Poi accadde che, nel luglio del 2005, l’attesa (e data per scontata) riconferma di Larizza per il secondo mandato non arrivò. Il governo Berlusconi, all’ultimissimo momento, scelse un altro nome per la presidenza. Era un venerdì, Pietro lasciò Villa Lubin subito dopo il comunicato stampa del consiglio dei ministri che nominava il suo successore, e non ci rimise piede. Molto amareggiato, non recriminò mai -almeno non in pubblico – e mai accettò di parlare del Cnel dopo la sua brusca uscita. Da signore d’altri tempi, non avrebbe fatto uno sgarbo all’istituzione che aveva guidato.

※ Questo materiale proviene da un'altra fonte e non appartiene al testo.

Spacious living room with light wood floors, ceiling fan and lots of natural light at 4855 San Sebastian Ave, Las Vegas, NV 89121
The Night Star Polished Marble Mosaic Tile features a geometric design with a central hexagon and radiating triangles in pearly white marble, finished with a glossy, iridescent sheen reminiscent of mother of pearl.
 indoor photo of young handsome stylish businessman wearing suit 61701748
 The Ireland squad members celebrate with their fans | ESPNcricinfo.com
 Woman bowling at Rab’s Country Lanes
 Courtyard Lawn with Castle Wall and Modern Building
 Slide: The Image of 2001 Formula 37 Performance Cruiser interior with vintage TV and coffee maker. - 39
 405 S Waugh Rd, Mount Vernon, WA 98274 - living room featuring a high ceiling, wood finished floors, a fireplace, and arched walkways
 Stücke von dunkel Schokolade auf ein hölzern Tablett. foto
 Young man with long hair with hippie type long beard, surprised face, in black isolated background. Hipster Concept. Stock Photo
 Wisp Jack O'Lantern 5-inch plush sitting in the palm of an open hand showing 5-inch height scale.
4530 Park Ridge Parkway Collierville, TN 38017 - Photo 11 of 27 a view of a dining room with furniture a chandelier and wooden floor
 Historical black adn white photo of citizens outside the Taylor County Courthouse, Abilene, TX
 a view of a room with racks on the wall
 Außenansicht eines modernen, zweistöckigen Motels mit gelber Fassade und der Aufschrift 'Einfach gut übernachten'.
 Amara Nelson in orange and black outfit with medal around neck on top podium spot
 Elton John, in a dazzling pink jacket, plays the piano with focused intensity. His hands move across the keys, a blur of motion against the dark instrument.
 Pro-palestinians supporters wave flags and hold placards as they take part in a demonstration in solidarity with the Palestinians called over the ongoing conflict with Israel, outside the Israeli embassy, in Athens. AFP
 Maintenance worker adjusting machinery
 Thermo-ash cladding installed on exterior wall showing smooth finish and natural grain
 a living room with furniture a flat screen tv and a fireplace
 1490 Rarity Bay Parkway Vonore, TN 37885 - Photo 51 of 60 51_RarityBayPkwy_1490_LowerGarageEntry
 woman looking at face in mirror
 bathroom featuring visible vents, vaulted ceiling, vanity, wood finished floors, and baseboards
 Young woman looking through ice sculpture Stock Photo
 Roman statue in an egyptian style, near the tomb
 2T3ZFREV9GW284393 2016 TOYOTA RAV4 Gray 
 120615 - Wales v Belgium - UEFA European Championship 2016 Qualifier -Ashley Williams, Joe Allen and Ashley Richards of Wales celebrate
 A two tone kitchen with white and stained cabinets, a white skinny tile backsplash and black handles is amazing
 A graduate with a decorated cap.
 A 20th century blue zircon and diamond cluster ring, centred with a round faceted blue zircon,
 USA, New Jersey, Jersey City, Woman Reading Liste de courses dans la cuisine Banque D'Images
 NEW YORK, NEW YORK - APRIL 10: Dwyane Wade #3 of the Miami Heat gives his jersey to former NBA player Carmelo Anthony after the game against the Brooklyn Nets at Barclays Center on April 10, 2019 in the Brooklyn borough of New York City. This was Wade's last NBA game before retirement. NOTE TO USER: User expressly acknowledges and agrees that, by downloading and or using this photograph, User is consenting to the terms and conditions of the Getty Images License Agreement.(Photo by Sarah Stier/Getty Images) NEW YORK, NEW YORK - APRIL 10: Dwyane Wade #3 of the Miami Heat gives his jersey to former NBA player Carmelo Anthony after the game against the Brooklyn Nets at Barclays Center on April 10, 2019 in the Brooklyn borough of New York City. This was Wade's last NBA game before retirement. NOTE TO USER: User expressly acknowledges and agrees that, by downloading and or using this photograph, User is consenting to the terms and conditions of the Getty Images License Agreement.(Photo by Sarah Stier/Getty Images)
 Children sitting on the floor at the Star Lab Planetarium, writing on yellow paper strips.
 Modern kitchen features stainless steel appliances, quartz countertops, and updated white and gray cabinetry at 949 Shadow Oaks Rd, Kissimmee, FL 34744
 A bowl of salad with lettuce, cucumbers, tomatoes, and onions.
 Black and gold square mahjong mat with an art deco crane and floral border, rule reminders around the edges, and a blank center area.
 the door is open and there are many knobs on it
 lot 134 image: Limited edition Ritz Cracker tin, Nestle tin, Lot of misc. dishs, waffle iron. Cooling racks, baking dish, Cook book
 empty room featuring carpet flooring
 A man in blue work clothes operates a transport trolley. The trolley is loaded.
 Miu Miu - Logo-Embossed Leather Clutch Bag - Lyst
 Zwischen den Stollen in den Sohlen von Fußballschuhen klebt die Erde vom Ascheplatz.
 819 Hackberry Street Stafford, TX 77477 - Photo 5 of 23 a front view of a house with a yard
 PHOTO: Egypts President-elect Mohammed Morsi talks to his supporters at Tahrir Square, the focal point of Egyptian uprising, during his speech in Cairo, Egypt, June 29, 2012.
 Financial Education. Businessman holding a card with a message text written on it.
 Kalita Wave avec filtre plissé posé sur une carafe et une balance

Per Villa Lubin seguirono anni difficili, con una reputazione sempre più ammaccata e un’etichetta di “ente inutile” che trovò il suo culmine nella riforma costituzionale di Matteo Renzi: con la quale si aboliva, oltre al senato, anche il Cnel. Non ho mai capito, confesso, per quale motivo Renzi lo avesse preso così di punta, decretandone la cancellazione, invece di trovare il modo per restituire all’organo costituzionale dignità e ruolo, come sarebbe stato giusto e come certamente avrebbe saputo e potuto fare. I sindacati un po’ protestarono, ma, diciamo, non scesero in piazza in nome del Cnel. Comunque, come è noto, il referendum affossò la riforma costituzionale, e così come il senato anche il Cnel sopravvisse. Oggi a Villa Lubin siede come presidente Tiziano Treu. Sotto la sua sapiente guida di gran giuslavorista, il Consiglio nazionale economia e lavoro sta finalmente recuperando il ruolo che gli è proprio. Ci sono voluti vent’anni, da quel tentativo di Larizza: che oggi se n’è andato in silenzio, e credo portando nel cuore, oltre alle insegne della sua Uil, anche quelle di Villa Lubin.